The merger creates a larger, integrated downstream subholding within the Pertamina group, in our view. On Feb. 1, 2026, Kilang Pertamina Internasional PT and the captive business of Pertamina International Shipping PT merged with Pertamina Patra Niaga PT. Following the merger, Kilang Pertamina's refining assets, business operations and liabilities will be novated to the surviving entity and will cease to exist.
After the merger, PPN will gain an effective monopoly over Indonesia's domestic refining sector, in addition to the company's extensive network of downstream distribution and marketing channels across Indonesia's 17,000 islands. PPN is the only entity in Indonesia with a public-service mandate to provide government-subsidized petroleum products to domestic consumers.
We assess PPN as a core subsidiary of its parent, Pertamina (Persero) PT. The combined entity will have an expanded role as the sole supplier of petroleum products in Indonesia at government-mandated prices. Without PPN's refining operations, Pertamina would likely have to import refined fuel at higher prices. This would, in turn, weaken the nation's energy security as well as potentially weaken its trade balance.
The integration of the captive businesses of Pertamina International Shipping will enable the continued transport of crude oil feedstock and refined products to ensure petroleum products are readily available for domestic consumption.
We believe the merger will improve operating efficiencies across Pertamina group's downstream operations. PPN will have a larger earnings base, which will allow the merged entity to realize the earnings potential of Pertamina's downstream oil and gas operations and focus on a turnaround of any loss-making operations.
Prior to the merger, the capital-intensive refining operations under Kilang Pertamina were exposed to inherently volatile refining margins.
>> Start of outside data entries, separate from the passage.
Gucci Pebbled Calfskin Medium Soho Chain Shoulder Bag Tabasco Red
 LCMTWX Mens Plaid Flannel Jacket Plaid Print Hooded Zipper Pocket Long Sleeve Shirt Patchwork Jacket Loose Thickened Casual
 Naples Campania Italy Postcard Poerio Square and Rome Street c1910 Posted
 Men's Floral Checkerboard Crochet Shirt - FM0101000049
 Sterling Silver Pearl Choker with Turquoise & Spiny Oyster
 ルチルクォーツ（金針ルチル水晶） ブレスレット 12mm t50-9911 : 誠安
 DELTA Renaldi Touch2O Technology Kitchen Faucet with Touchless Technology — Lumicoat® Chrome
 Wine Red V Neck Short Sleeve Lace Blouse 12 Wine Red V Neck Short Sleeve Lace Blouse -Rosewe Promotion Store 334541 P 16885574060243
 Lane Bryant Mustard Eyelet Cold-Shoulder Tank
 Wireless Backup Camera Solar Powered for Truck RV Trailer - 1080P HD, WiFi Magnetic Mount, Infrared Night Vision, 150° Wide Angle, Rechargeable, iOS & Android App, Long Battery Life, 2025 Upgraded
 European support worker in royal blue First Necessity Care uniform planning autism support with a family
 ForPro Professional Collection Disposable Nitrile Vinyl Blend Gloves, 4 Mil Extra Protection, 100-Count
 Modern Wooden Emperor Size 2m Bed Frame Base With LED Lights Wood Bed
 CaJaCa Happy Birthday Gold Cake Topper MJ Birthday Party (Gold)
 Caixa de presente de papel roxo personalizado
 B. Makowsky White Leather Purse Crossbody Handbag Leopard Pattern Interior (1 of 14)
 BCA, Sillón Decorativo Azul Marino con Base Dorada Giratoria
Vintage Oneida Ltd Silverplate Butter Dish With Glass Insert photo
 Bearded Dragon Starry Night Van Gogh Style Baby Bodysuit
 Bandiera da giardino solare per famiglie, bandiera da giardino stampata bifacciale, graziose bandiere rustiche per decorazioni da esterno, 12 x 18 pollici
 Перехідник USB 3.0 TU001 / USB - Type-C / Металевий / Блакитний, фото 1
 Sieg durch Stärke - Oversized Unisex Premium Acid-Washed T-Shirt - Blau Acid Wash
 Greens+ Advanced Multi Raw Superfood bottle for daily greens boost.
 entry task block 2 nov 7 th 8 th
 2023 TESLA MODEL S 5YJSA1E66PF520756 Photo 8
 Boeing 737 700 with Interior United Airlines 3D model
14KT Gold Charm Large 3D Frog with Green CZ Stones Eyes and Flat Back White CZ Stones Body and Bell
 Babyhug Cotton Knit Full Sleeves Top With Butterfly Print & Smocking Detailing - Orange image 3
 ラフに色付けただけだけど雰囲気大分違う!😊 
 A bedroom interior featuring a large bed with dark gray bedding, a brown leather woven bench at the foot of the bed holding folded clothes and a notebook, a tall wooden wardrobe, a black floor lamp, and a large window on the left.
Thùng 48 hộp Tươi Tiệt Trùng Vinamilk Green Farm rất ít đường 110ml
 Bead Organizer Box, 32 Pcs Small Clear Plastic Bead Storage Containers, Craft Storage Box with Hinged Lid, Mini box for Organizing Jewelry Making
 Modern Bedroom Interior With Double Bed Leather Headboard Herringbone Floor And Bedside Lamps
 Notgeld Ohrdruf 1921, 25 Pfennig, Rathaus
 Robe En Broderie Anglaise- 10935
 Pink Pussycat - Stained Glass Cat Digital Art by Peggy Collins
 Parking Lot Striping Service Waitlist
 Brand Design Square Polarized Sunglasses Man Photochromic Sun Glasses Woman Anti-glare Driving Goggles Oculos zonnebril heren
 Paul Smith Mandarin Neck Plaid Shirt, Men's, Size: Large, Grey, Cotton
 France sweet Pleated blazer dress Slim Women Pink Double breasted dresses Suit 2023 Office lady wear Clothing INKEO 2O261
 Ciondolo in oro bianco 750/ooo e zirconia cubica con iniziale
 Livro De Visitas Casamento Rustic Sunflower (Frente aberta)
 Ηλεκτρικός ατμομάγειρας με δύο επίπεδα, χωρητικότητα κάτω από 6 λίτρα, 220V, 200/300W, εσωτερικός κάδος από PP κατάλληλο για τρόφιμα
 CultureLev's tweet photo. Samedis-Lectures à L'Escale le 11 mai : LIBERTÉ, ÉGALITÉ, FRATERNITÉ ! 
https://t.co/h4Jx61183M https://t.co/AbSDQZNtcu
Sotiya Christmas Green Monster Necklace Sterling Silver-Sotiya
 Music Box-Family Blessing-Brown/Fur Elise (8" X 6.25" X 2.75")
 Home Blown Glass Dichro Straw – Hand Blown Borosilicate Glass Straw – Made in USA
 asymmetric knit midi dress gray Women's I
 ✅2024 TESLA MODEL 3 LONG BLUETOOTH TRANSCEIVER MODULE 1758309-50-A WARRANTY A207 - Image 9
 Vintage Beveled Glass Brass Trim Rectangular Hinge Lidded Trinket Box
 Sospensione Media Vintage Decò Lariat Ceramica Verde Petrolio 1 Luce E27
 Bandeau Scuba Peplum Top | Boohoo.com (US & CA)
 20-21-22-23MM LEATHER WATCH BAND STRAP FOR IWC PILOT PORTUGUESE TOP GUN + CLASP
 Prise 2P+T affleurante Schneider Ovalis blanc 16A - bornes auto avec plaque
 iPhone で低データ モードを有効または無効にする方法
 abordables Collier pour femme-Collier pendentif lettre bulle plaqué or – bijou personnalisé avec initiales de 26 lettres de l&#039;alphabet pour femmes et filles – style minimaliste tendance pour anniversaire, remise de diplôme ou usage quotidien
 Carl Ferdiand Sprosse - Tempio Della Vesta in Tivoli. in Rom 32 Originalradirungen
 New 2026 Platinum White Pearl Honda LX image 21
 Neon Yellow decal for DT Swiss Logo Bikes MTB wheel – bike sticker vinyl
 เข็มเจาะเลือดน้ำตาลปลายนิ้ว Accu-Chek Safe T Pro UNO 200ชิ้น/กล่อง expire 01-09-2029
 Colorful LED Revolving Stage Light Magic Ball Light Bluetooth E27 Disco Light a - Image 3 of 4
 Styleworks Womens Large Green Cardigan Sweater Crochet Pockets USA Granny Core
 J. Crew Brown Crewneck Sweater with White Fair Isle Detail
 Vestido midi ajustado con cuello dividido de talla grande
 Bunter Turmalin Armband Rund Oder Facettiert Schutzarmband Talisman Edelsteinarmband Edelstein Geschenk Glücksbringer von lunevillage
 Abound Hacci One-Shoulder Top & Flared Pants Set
This meant the subsidiary bore the brunt of higher costs. On the other hand, the less capital-intensive marketing and distribution operations depend on timely cash compensation from the government under its public-service mandate.
Post-merger, the mismatch between earnings, cash flows, and capital needs will be eliminated. This is because internal transfer pricing and arm's length transaction mechanisms between KPI and PPN will no longer exist. The deeper integration aided by the subsummation of Pertamina International Shipping's captive fleet will further increase this synergy.
On a consolidated Pertamina group level, the merger could also reduce the negative carry on the group's cash balances and diminish the need for shareholder loans to fund intercompany working capital deficits. This would free up capital for other uses.
We believe PPN will benefit from considerable financial support as the second-largest subsidiary in the group. Shareholder loans from Pertamina will remain an important feature of PPN's capital structure in the initial phases following the merger, in our view. Pertamina has extended a combined amount of US$6.7 billion in shareholder loans to both Kilang Pertamina and Patra Niaga as of Dec. 31, 2024, to support their working capital needs.
We expect the group to continue to exercise flexibility over the interest servicing on this layer of capital, and to extend maturities on the shareholder loans. With greater operational integration and improved performance, the newly merged PPN downstream subholding will ultimately aim to establish its own independent funding profile in order to finance its operations and growth.
Our assessment of PPN's stand-alone credit profile (SACP) will depend on its management's business and financial strategy, though this is unlikely to materially affect our final ratings on the company. We will formulate our assessment of PPN's SACP once we have more information on its combined financials, as well as the new management's business strategy.
The stable rating outlook on PPN mirrors that on the parent, Pertamina. It also reflects our view that PPN will receive timely financial support from the Pertamina group and maintain its strong operational integration with the group for at least the next two years.
We may lower the rating on PPN if we lower our ratings on Pertamina, or if we believe the company's importance to its parent has diminished. This may materialize as a dilution of Pertamina's shareholding in PPN, reduced supply and offtake within the group, and delays in financial and operational support from the parent.
We could raise the rating on PPN if we upgraded Pertamina while continuing to assess PPN as a core subsidiary of the group. This would likely occur if we raised the sovereign credit rating on Indonesia. (ends)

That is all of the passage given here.